They came, they saw and they didn't shy away from asking tough questions. For more than two hours, students fired a salvo of queries on everything from leadershi p renewal to whether the position of Minister Mentor will be made permanent.
At the Kent Ridge Ministerial Forum at NUS Cultural Centre, Prime Minister Lee Hsien Loong spoke to over 1,200 people, mostly undergrads, on leadership renewal, history of the PAP's ascension and its challenges.
Moderator Ng Pei Yi, 23, final year, National University of Singapore (NUS), Law:
Q: "When I took on this role as moderator, many of my fellow undergraduates expressed much scepticism in the nature of such a forum. They primarily wondered, to what extent can they really ask questions?"
PM Lee: "I think the more frankly you speak and ask, the more valuable this session will be, and the more interesting it will be. If you ask boring questions, I'm forced to give you boring answers. So please don't!"

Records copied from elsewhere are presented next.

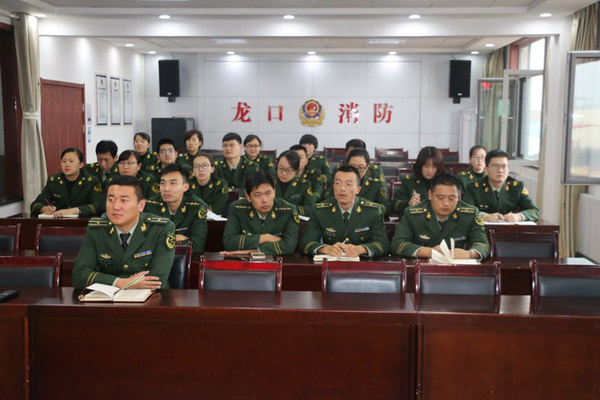 防火门消防监督检查中的问题及改进措施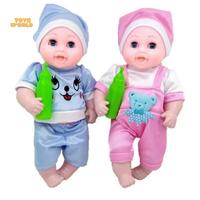 Gambar Mainan Anak Perempuan Boneka Bayi Bisa Bunyi dan Nangis B760 - Tanpa Bubble dari Toys World Official Store undefined 1 Tokopedia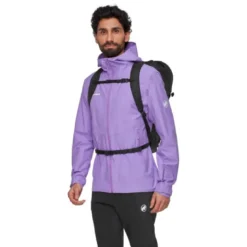 MammutAlto 24 - Sac à dos randonnée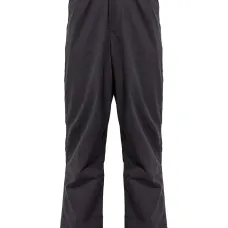 Брюки с вышитым логотипом из коллаборации с Represent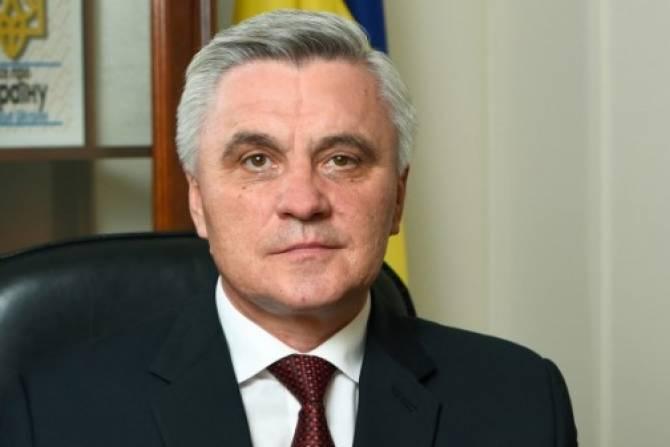 Владимир Зеленский уволил посла Украины в Армении Петра Литвинова 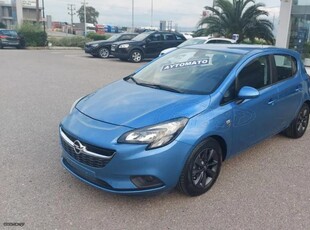 OPEL CORSA 1400cc AYTOMATO BENZINH FULL EXTRA 2019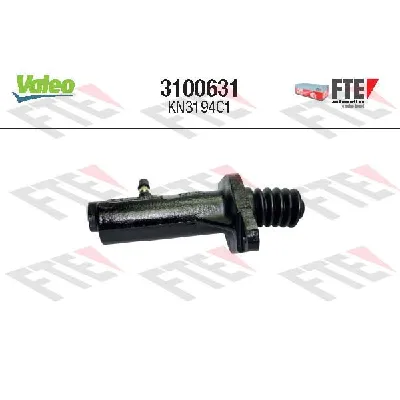 Pomoćni cilindar, kvačilo VALEO VAL3100631 IC-G08YVP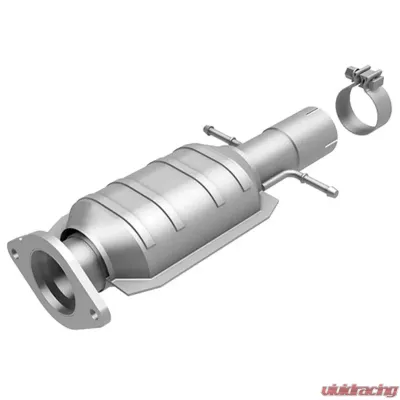 MagnaFlow OEM Grade Direct-Fit Catalytic Converter 51913 - 51913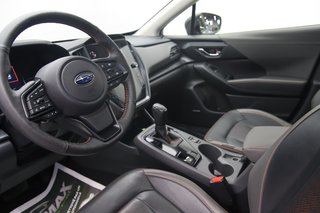 2024 Subaru Crosstrek Limited in Chicoutimi, Quebec - 6 - w320h240px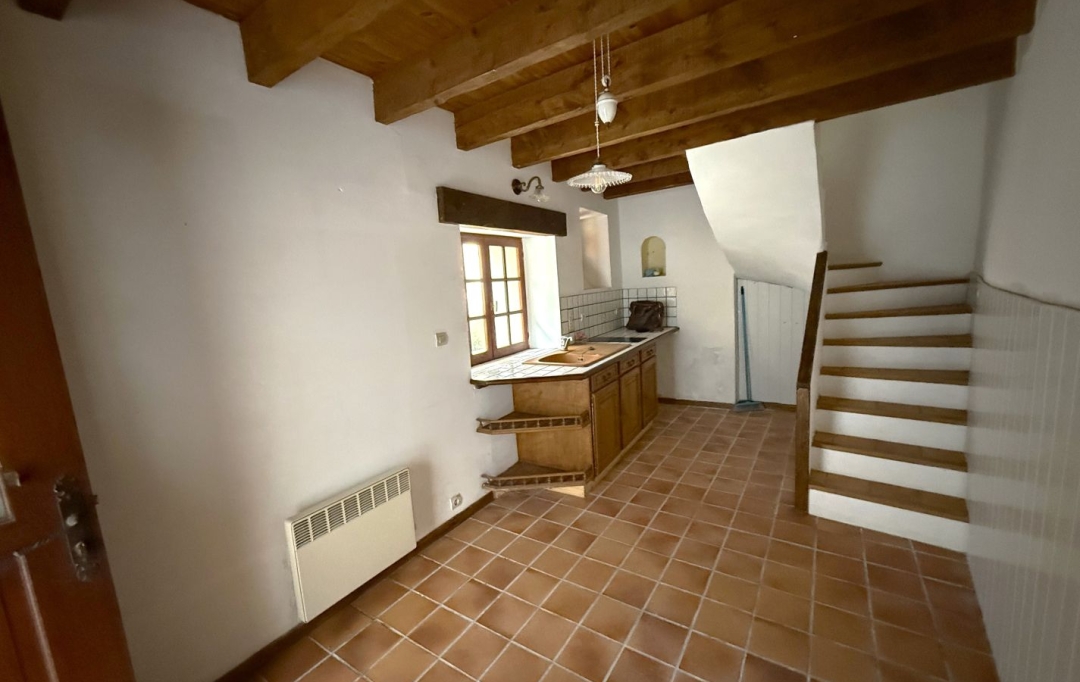 11-34 IMMOBILIER : House | BIZE-MINERVOIS (11120) | 36 m2 | 59 000 € 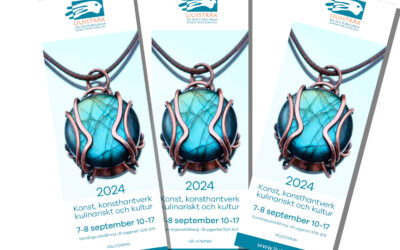 Ljusstråksfoldern 2024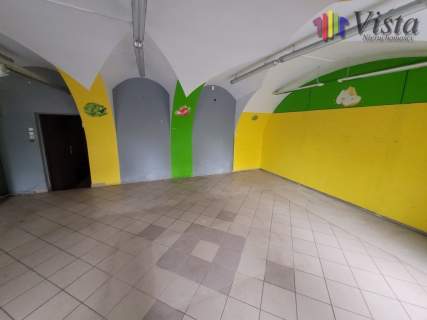 Lokal użytkowy do wynajęcia, 38 m2, Wałbrzych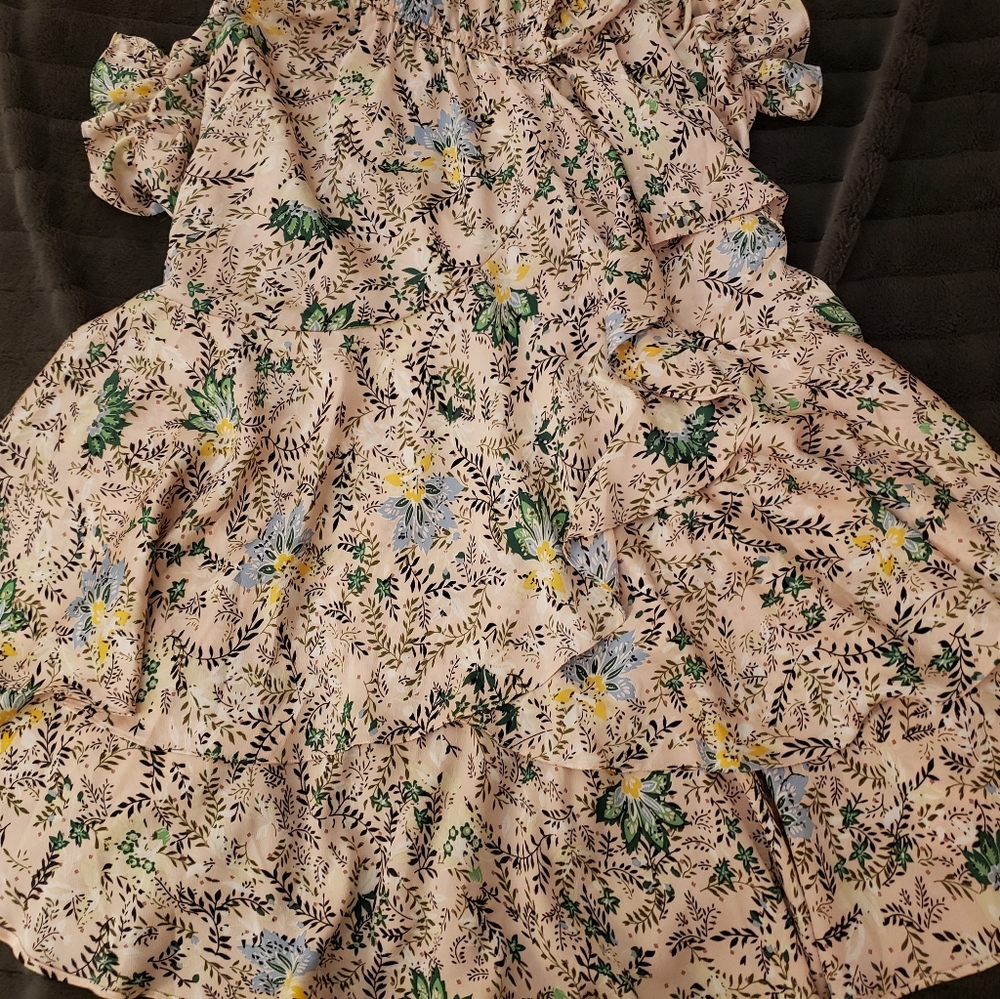 BUFFALO DAVID BITTON DRESS - Picture 3 of 8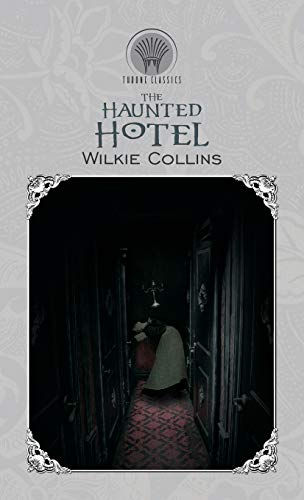 The Haunted Hotel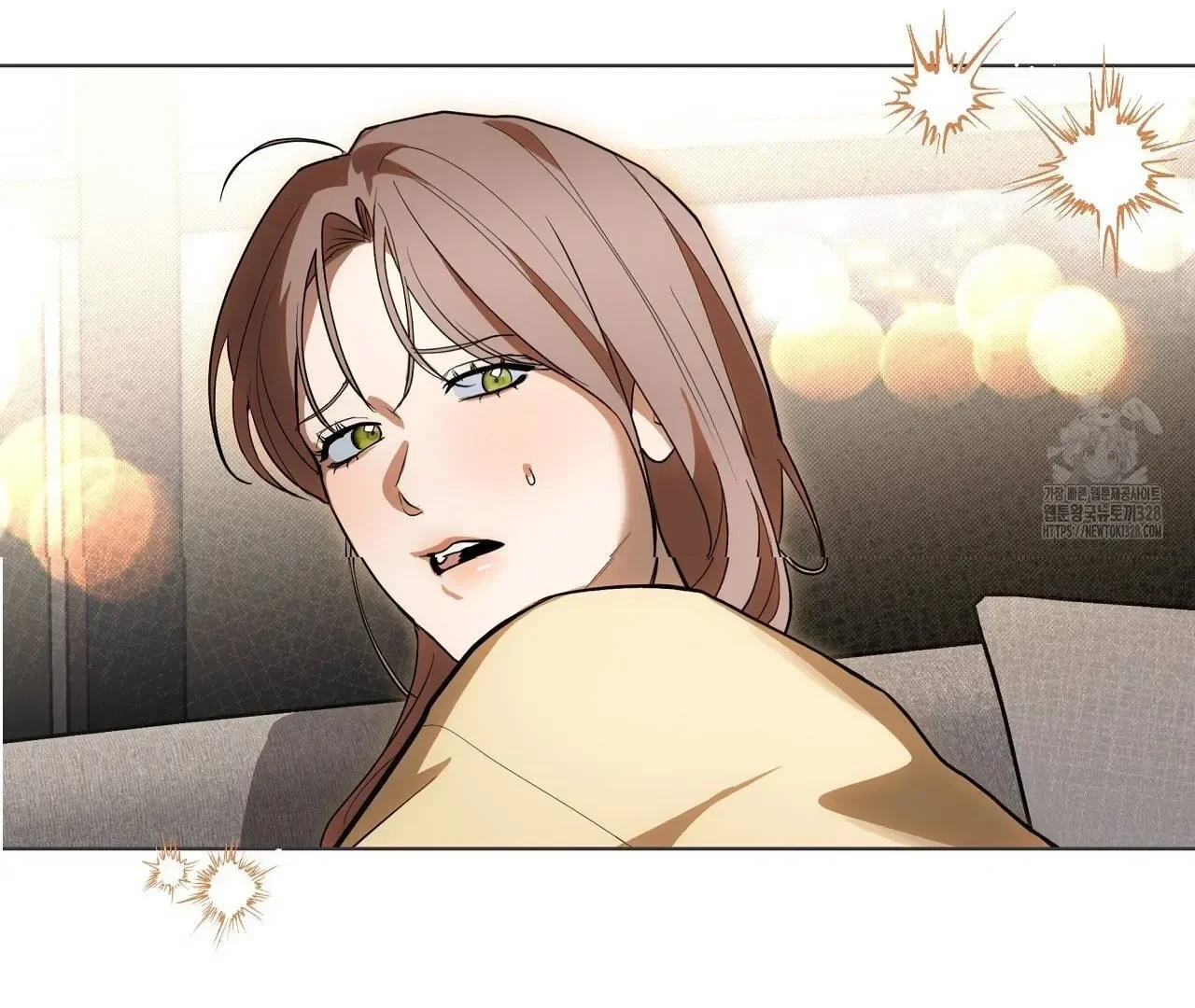 Read Limite Absoluto pt Manga Online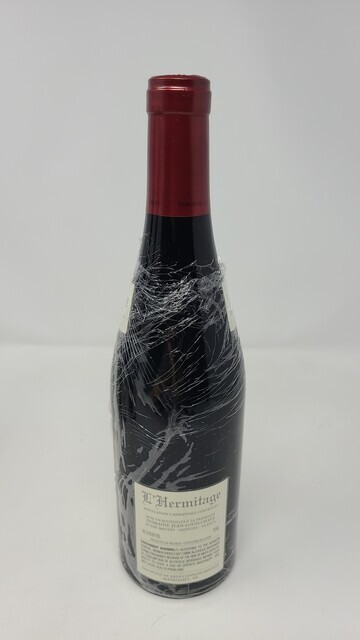 Jean Louis Chave Hermitage 2015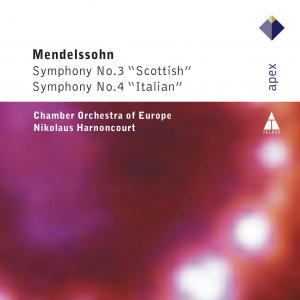 Top 10 Mendelssohn albums | Gramophone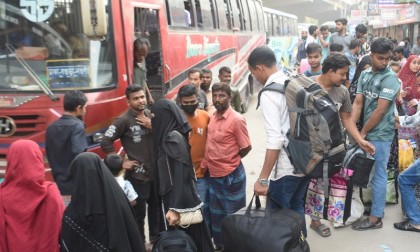 জ্বালানি তেলের দাম বৃদ্ধি; বাসে ৬৪ শতাংশ, লঞ্চে দেড় গুণ ভাড়া বাড়ানোর প্রস্তাব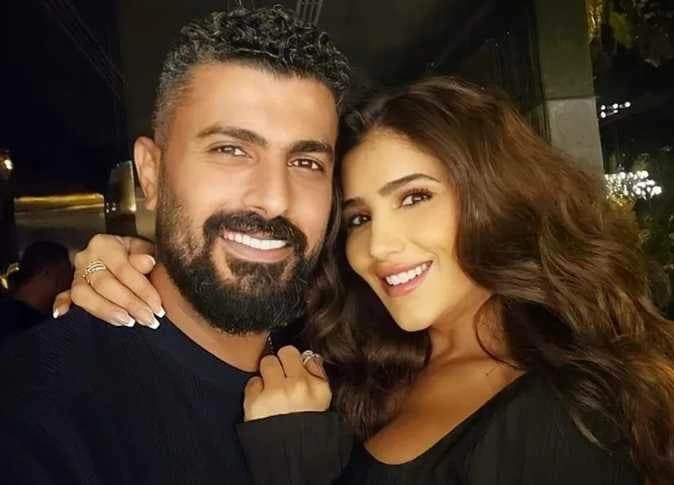 محمد سامي: أنتِ مصدر تعب لي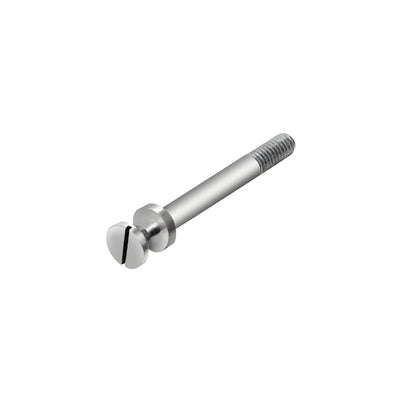 CRL Through-Bolt for 1-3/4" Thick Door Handle - CD24X24BS125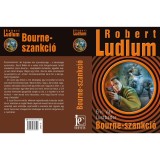 Bourne-szankci&oacute; - Robert Ludlum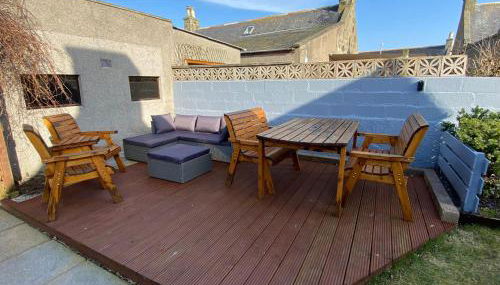 Fisherman's Cottage - Photo 2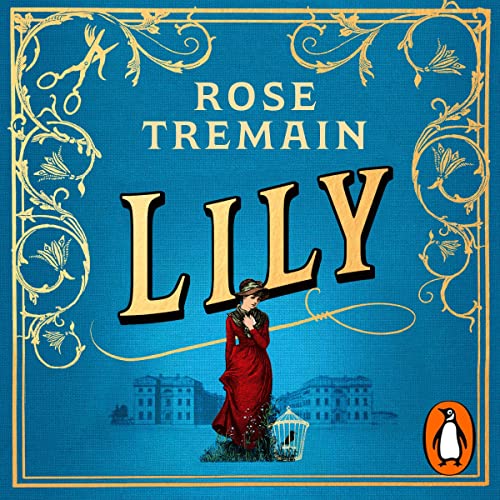 Cover of Lily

Mr Seah Yin Hwa, 25, fourth year, NUS, Engineering:
Q: "I'm from an SMC (single-member constituency) where the majority of the people in my constituency decided to pick a "teochew nang" (Teochew person, Mr Low Thia Khiang) who doesn't wear a white uniform. When it comes to upgrading, what's being told to us is we do not have the funds to go ahead with lift upgrading and shelters for the bus stops. I look over across the road, to the Aljunied GRC and they have everything."
PM Lee: "Low Thia Khiang says he has no difficulty funding the lift upgrading programme...your question is, why is the opposition ward not treated at least as good as or maybe even better than the PAP ward?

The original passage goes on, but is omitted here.